Donald Trump says drugs are being allowed to ‘pour through our southern border’ — the numbers say something else

Republican U.S. presidential nominee Donald Trump talks with a member of the audience at the conclusion of the debate with Democratic U.S. presidential nominee Hillary Clinton at Washington University in St. Louis, Missouri, U.S., October 9, 2016.  REUTERS/Saul Loeb/Pool

According to Donald Trump, “We’re also letting drugs pour through our southern border at a record clip. At a record clip. And it shouldn’t be allowed to happen.”

But the reality is somewhat different.

Rather than a record flow, the amount of drugs coming over the US border with Mexico, measured by seizures by Customs and Border Protection, has trended down over the last five years.

Marijuana seizures have declined the most, likely driven by changing regulations on the drug in the US.

The amount of cocaine seized at the US-Mexico border has also fallen, though the southern border may not be its principal entry point.

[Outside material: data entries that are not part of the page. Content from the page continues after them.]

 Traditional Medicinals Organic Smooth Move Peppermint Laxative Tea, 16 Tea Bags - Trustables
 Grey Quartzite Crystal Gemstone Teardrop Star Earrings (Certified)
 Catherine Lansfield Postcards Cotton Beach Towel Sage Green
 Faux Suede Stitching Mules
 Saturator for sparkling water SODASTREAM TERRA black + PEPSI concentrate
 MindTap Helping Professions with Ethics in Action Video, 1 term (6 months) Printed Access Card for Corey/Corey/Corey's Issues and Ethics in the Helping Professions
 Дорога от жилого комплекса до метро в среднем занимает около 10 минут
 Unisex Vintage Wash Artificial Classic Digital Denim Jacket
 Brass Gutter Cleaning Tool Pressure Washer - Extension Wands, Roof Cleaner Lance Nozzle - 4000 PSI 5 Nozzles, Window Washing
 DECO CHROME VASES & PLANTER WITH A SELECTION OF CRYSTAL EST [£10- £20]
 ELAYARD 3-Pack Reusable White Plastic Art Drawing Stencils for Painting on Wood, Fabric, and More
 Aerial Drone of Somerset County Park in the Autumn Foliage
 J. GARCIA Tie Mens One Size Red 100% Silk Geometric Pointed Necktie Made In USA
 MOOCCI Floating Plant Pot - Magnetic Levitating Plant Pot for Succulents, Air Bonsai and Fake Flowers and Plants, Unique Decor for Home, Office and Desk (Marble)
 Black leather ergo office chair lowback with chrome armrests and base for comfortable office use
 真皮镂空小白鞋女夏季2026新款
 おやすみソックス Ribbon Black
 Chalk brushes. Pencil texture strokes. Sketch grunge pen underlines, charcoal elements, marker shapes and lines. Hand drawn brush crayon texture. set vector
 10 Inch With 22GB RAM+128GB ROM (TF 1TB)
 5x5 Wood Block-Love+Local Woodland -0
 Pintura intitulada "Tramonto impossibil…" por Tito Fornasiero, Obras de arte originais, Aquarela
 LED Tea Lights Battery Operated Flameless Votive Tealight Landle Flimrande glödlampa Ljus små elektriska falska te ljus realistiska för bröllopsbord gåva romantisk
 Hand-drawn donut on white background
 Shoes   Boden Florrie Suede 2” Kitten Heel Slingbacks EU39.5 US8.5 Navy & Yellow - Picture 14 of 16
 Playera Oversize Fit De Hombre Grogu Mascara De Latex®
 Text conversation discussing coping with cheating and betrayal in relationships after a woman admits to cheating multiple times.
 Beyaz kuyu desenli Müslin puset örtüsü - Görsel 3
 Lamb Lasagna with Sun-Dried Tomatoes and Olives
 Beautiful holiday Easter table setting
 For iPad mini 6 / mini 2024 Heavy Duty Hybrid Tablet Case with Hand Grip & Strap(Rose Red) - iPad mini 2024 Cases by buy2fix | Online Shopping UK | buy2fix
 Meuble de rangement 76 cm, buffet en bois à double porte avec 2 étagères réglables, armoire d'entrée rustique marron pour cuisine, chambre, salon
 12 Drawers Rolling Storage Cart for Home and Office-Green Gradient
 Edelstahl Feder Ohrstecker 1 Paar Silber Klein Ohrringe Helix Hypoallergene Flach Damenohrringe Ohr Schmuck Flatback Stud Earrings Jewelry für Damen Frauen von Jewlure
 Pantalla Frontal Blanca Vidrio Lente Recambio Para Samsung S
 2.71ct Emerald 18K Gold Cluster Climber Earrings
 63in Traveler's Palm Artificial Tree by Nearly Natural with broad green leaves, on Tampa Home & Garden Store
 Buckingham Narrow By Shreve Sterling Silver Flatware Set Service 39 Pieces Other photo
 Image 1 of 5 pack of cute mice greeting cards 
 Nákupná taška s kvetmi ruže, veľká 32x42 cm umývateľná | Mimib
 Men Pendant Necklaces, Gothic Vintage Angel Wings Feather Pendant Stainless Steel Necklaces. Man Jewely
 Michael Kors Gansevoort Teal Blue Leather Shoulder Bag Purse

Seizures of heroin and methamphetamines have risen slightly over the past five years, a trend that reflects changing drug-consumption habits in the US.

Overall, as the charts below show, the flow of drugs into the US doesn’t match what Trump said, and the dynamics of US drug use have also changed markedly over the last 15 years.

SEE ALSO: 2 major Mexican cartels have put Tijuana in ‘imminent danger,’ and violence is rising

Overall drug seizures decreased between 2011 and 2015; that decline has largely been driven by the drop in marijuana seizures over that time.

Source: The Washington Post

Marijuana seizures by weight have declined significantly since 2011.

The falling amount of marijuana intercepted at US borders “is most likely because of the legalization of marijuana for recreational or medicinal use in a growing number of American states – so Americans are buying more cannabis grown in the United States,” Ioan Grillo, a journalist in Mexico who has covered the drug war extensively, wrote in The New York Times after the debate.

“Two or three years ago, a kilogram [2.2 pounds] of marijuana was worth $60 to $90,” Nabor, a 24-year-old pot grower in the northwestern Mexican state of Sinaloa, told NPR at the end of 2014. “But now they’re paying us $30 to $40 a kilo. It’s a big difference. If the U.S. continues to legalize pot, they’ll run us into the ground.”

The number of marijuana seizures has also declined over the last five years.